A coragem, na verdade, é a característica de enfrentar o medo. Falei sobre isso em um vídeo que gravei para o ano novo e uma amiga me lembrou que a Brené Brown, uma grande estudiosa do assunto, diz que “coragem é caminhar no medo”.
É sobre isso que eu quero conversar com você hoje, Caetano. Sobre o quanto “caminhar no medo” nos torna mais fortes.
No mundo dos negócios se popularizou ao longo dos últimos anos o termo “antifrágil”. É um conceito criado por um sujeito que se chama Nassim Taleb e que, em resumo, diz que temos que nos fortalecer perante as adversidades.

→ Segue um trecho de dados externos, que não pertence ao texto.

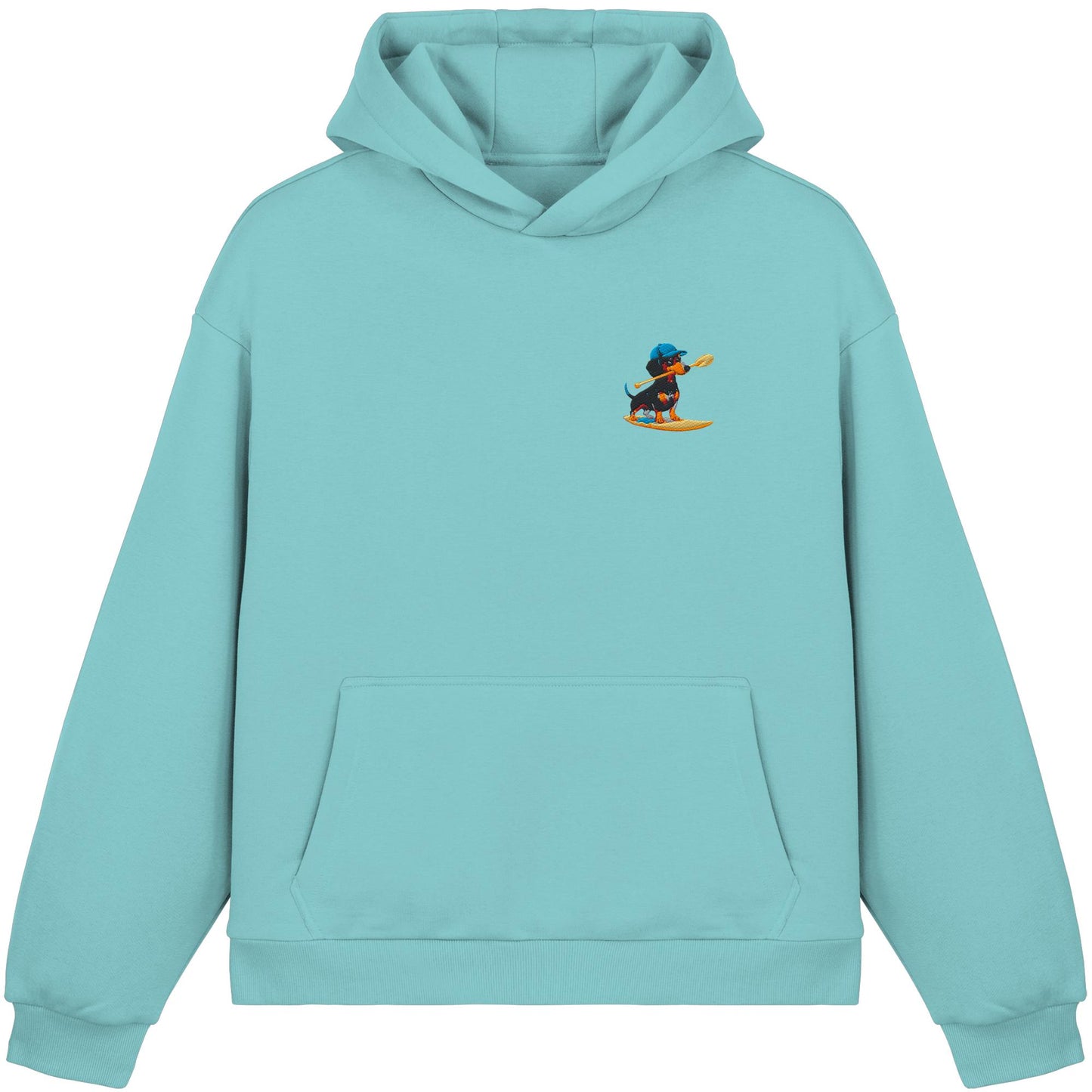 SUP-Sausage- Hol Stöckchen Bro! - Fluffy Boxcut Hoodie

Em vez de quebrar, como acontece com algo frágil, ou de nos mantermos imutados, como é a característica dos fortes, temos que aproveitar aquele impacto para nos tornar mais robustos.

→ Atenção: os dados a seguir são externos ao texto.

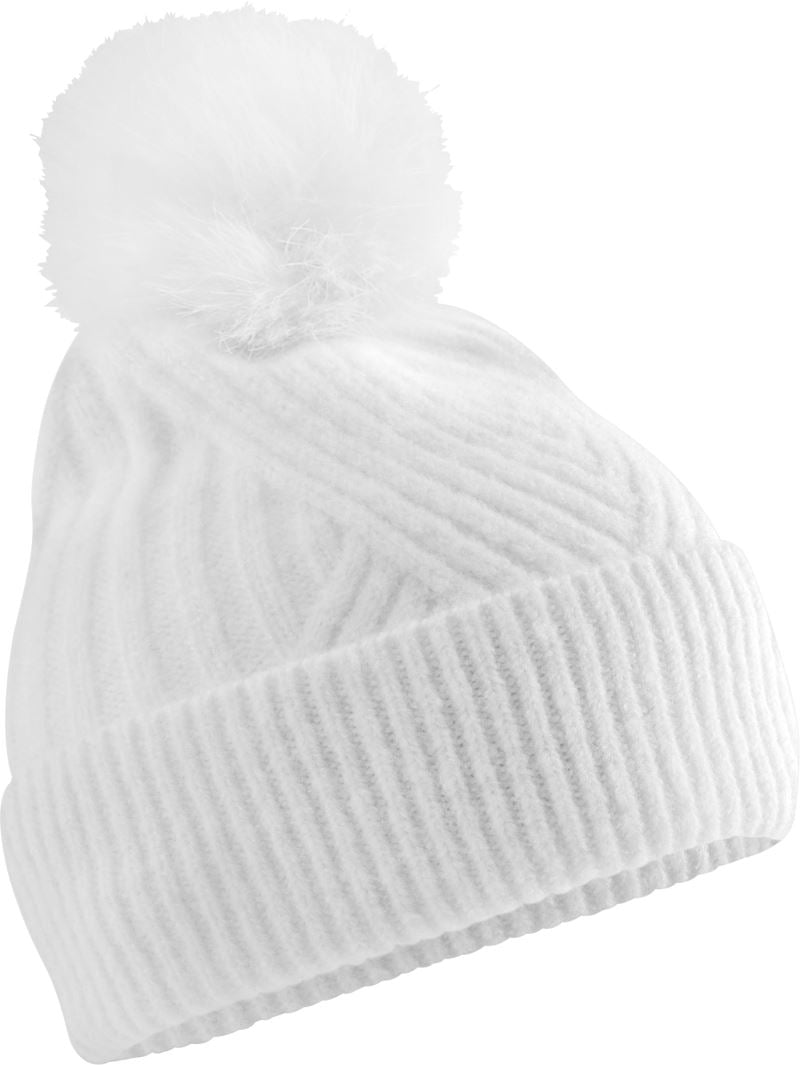 Unisex knitted Hat Pompon "Snow Luxe" Beechfield – Bela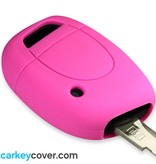 TBU car TBU car Car key cover compatible with Renault - Silicone Protective Remote Key Shell - FOB Case Cover - Pink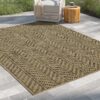 Earth - 2'7" X 7'3" Indoor, Outdoor Area Rug - Natural / Black - Image 3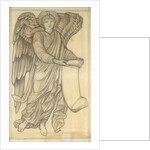 Angel with Scroll - figure number six, 1880 by Edward Coley Burne-Jones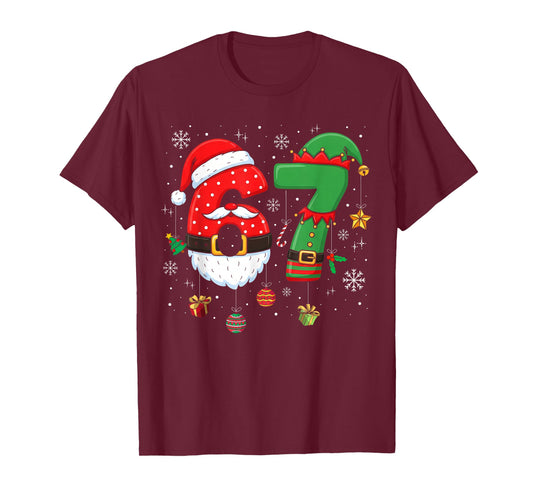 67 Meme Six Seven for Kids Women Men Boys Girls Christmas T-Shirt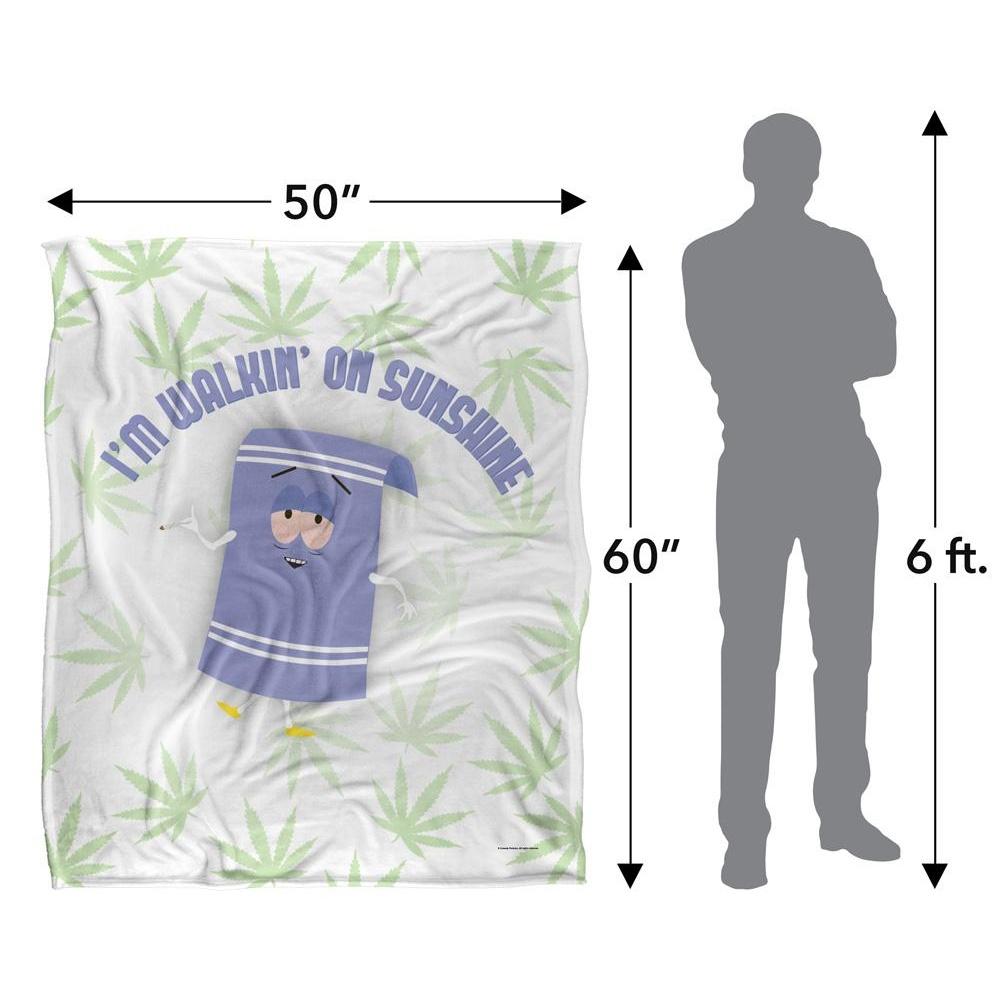 South Park Dirty Stoned Silky Stone Towelie Supersoft Blanket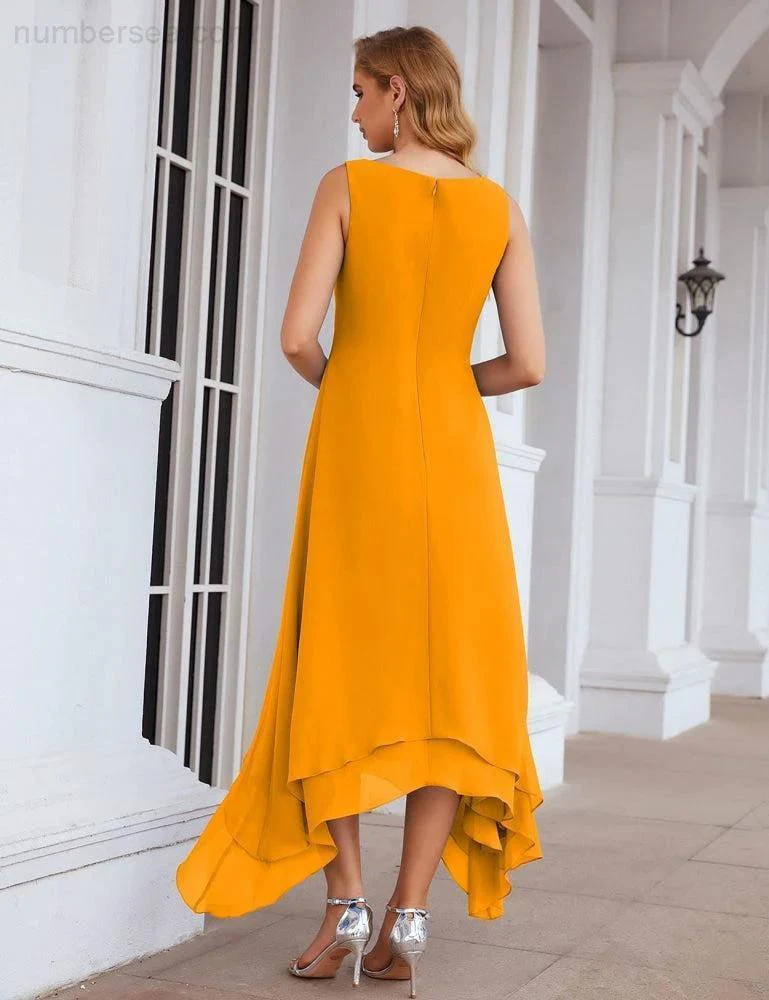 Sunnderly Chiffon Plus Size Mother of Bride Dresses with Jacket Formal Dresses for Wedding SY28073 - Image 23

Ao longo do tempo, acho que aprendi a ser antifrágil em muitas áreas da minha vida. Foi um processo que me exigiu entender os meus sentimentos e dar tempo para o luto e o lamento que servem de matéria-prima para o fortalecimento esperado.
Quero te ensinar a ser antifrágil, também, meu filho. E para isso, o primeiro passo é te ensinar a falar sobre os seus sentimentos sem qualquer tabu. Sem medo de falar sobre os medos.
Sei que muito em breve você vai começar a verbalizar seus primeiros temores. Vai falar do bicho que mora sob a sua cama. Do menino valentão da escola. De uma história que viu na TV ou ouviu na rua.
Admito que pensar nestes momentos me dá medo. Quero te formar para ser uma pessoa antifrágil, mas para isso eu vou precisar confiar em mim e que você confie em mim. E para você confiar em mim em momento algum eu vou poder diminuir ou desmerecer os seus medos.
Eles existem para serem sentidos e para te guiar na sua caminhada. Quero te ensinar a conhecê-los. A reconhecê-los. A se aliar a eles para os próximos passos.
Por isso eu te peço, meu filho. Lembre-me sempre do medo que eu sinto de não tratar os seus medos com o devido respeito.
Só assim vamos caminhar juntos por eles. E só assim essa caminhada vai nos fortalecer ainda mais a cada dia.
Um beijo,
Papai





Como é difícil ser (e ainda mais difícil ensinar) a ser antifrágil…que tenhamos sabedoria para isso!